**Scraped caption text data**
============

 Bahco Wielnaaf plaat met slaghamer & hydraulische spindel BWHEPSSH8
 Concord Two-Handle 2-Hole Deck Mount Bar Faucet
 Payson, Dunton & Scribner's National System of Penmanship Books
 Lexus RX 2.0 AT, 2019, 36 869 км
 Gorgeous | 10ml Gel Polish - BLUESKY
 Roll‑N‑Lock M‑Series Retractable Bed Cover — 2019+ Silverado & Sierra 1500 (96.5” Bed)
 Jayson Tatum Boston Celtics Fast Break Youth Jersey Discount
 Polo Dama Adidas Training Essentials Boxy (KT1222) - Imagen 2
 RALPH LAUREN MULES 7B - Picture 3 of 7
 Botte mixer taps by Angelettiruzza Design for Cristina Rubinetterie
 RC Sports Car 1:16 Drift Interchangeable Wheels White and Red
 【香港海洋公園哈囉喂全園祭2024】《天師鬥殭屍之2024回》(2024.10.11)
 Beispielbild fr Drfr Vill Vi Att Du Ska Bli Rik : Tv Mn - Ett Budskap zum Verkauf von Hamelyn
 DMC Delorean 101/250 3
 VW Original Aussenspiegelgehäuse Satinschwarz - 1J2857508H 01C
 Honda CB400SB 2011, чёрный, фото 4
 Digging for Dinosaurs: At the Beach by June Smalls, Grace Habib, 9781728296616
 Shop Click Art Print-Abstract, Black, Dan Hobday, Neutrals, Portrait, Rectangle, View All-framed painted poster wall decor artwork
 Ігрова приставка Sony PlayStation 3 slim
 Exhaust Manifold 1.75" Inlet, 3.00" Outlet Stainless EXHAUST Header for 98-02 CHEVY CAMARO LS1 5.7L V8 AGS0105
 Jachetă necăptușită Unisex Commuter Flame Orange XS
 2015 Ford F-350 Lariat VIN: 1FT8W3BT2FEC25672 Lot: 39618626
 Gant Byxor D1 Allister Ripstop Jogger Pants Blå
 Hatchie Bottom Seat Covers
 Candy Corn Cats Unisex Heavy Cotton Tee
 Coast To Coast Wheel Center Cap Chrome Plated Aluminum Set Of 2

============

**Aim of the exercise**
Out of the data above, transcribe exactly and only the lines starting with the line that has "Jayson Tatum Boston" and going on through the line that has "5.7L V8 AGS0105", both included.

**Task solution**
 Jayson Tatum Boston Celtics Fast Break Youth Jersey Discount
 Polo Dama Adidas Training Essentials Boxy (KT1222) - Imagen 2
 RALPH LAUREN MULES 7B - Picture 3 of 7
 Botte mixer taps by Angelettiruzza Design for Cristina Rubinetterie
 RC Sports Car 1:16 Drift Interchangeable Wheels White and Red
 【香港海洋公園哈囉喂全園祭2024】《天師鬥殭屍之2024回》(2024.10.11)
 Beispielbild fr Drfr Vill Vi Att Du Ska Bli Rik : Tv Mn - Ett Budskap zum Verkauf von Hamelyn
 DMC Delorean 101/250 3
 VW Original Aussenspiegelgehäuse Satinschwarz - 1J2857508H 01C
 Honda CB400SB 2011, чёрный, фото 4
 Digging for Dinosaurs: At the Beach by June Smalls, Grace Habib, 9781728296616
 Shop Click Art Print-Abstract, Black, Dan Hobday, Neutrals, Portrait, Rectangle, View All-framed painted poster wall decor artwork
 Ігрова приставка Sony PlayStation 3 slim
 Exhaust Manifold 1.75" Inlet, 3.00" Outlet Stainless EXHAUST Header for 98-02 CHEVY CAMARO LS1 5.7L V8 AGS0105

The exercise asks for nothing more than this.